WHAT-flavored vodka?

Martini3

 

If you live in D.C., you’ve likely wandered by it dozens of times. It’s the regal stone and brick building perched on the hill overlooking the intersection of Connecticut and Florida Avenues. The red neon sign simply says:

Restaurant

Lounge

From the outside, it’s hard to discern what it’s called or differentiate it from the myriad other Dupont eating and drinking establishments that line Connecticut Ave. Inside, it’s Russia House, and there’s no mistaking that.

The walls of the restaurant and lounge part of the building (the one we care about here) sport beveled-frame mirrors, elegant candle holders, and lots of red. Imagine an atmosphere coming just this side of a parody of a Ruskie dining room, and there you have it. If you head down the spiral staircase, you can catch another fun decor note–the teal-and-brass motif bathroom.

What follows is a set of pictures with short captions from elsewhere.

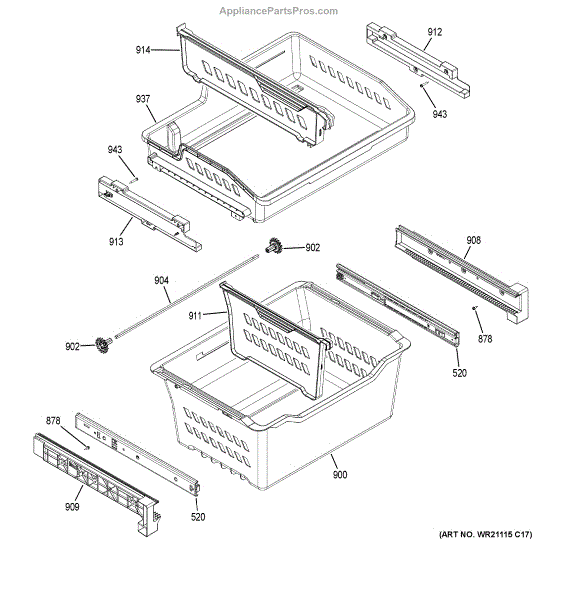 Parts for GE GFE26JSMAFSS Freezer Shelves Parts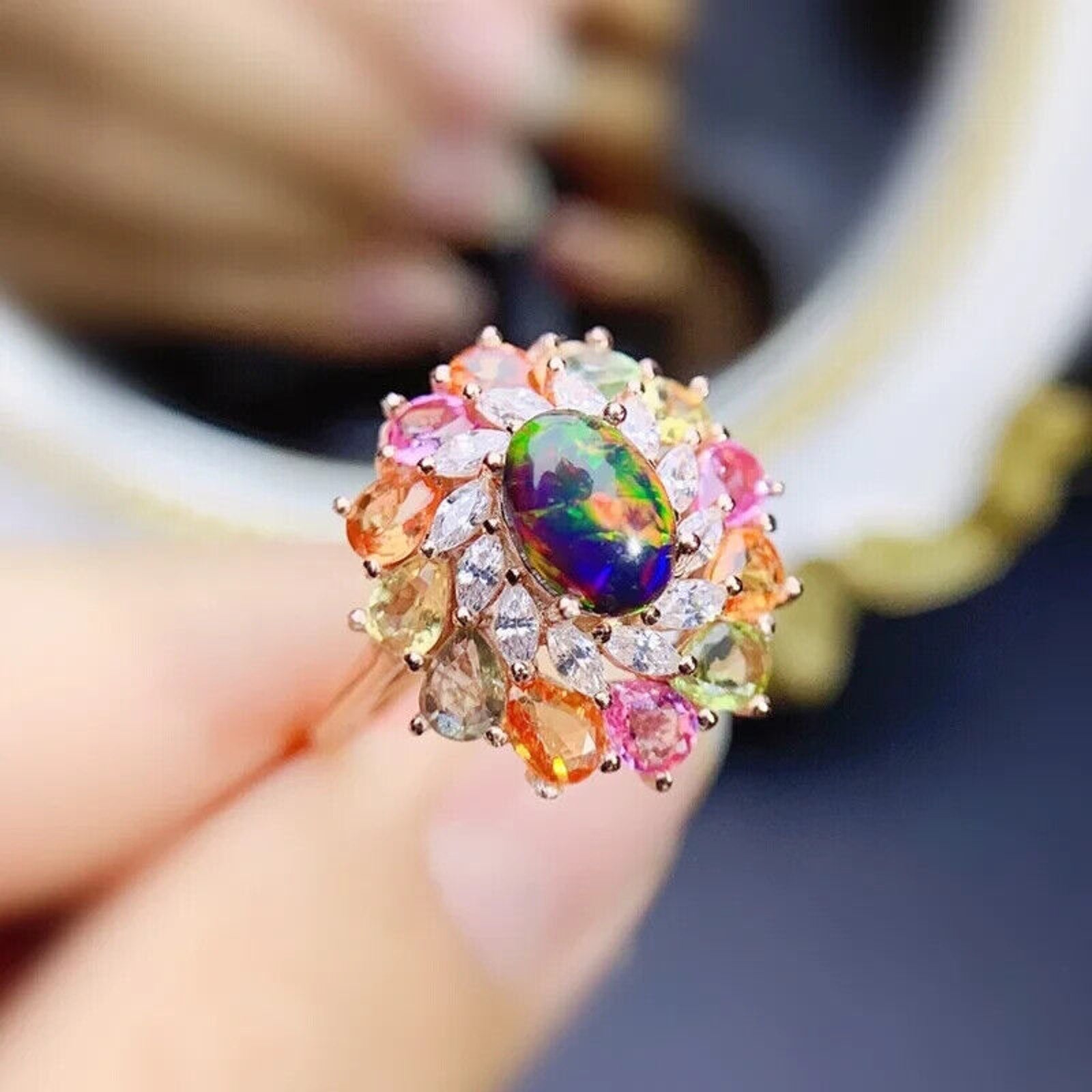 Black Fire Opal and Sapphire Cluster Statement Ring, Fire Opal and Sapphire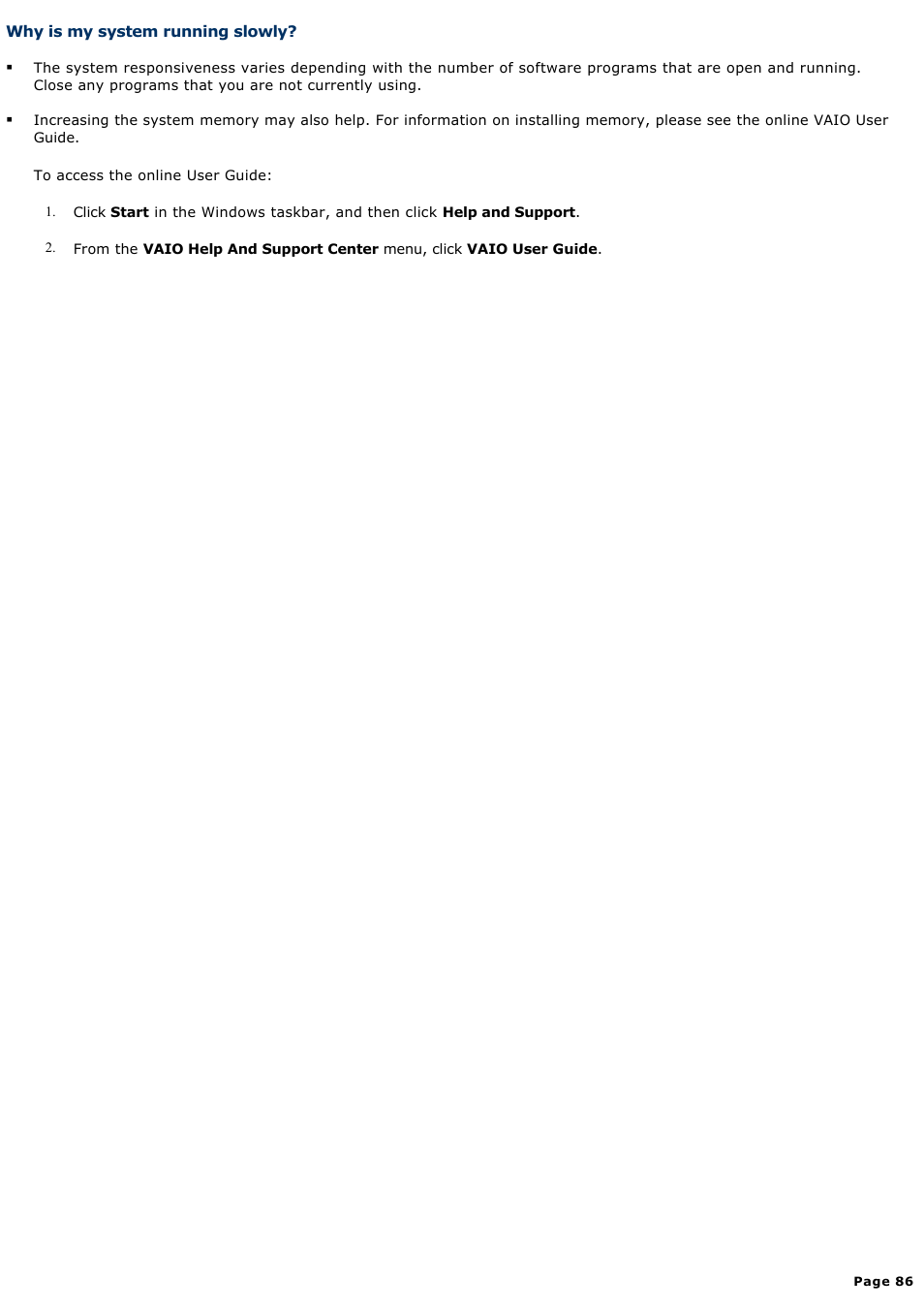 Why is my system running slowly | Sony PCV-V210P User Manual | Page 86 / 131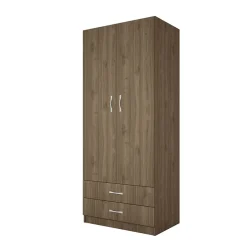 Garnero Arredamenti Armadio 80x191h cm 2 ante con cassetti moderno Carlino Noce Clearance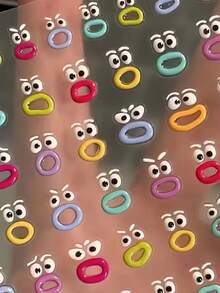 3张可爱怪兽嘴巴美甲贴纸，多巴胺果冻扁平计划本贴纸，趣味表情水杯美甲贴纸 - 彩色 - 查看 3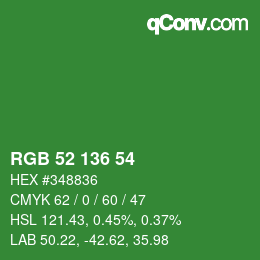 Color code: RGB 52 136 54 | qconv.com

I wouldn’t linger too long down there among the tablecloths, though. Back upstairs, the bare, pub-like tables emblazoned with “Russia House” in English and Russian await. And up here you’ve got the same menu full of beety dishes and peirogis. The thing you really want to check out, though, is the vodka selection.  I have to admit it was the promise of garlic vodka that brought me there in the first place.

But beware.

Martini3There’s good funny-flavored vodka and very bad funny-flavored vodka. If you do venture into this quirky establishment, go with something on the tame side, like the ginseng or horseradish Garant. Try one or two martinis with exotic flavors of your choice, or one martini followed by a hefty 22-ounce beer, or just a martini, or just wine. But take my word for it: you do not want to try the pepper-garlic vodka, no matter what you chase it with. That is, unless you enjoy the idea of sipping an ice cold twelve-dollar glass of ramen soup broth.

With that in mind, I hope you will stop by. Do it to work up an appetite for nearby Nora’s, or to cool down after a visit to the Royal Palace Nightclub… or after you’ve had a nice bowl of packaged noodle soup–steaming hot and under a dollar, the way it should be.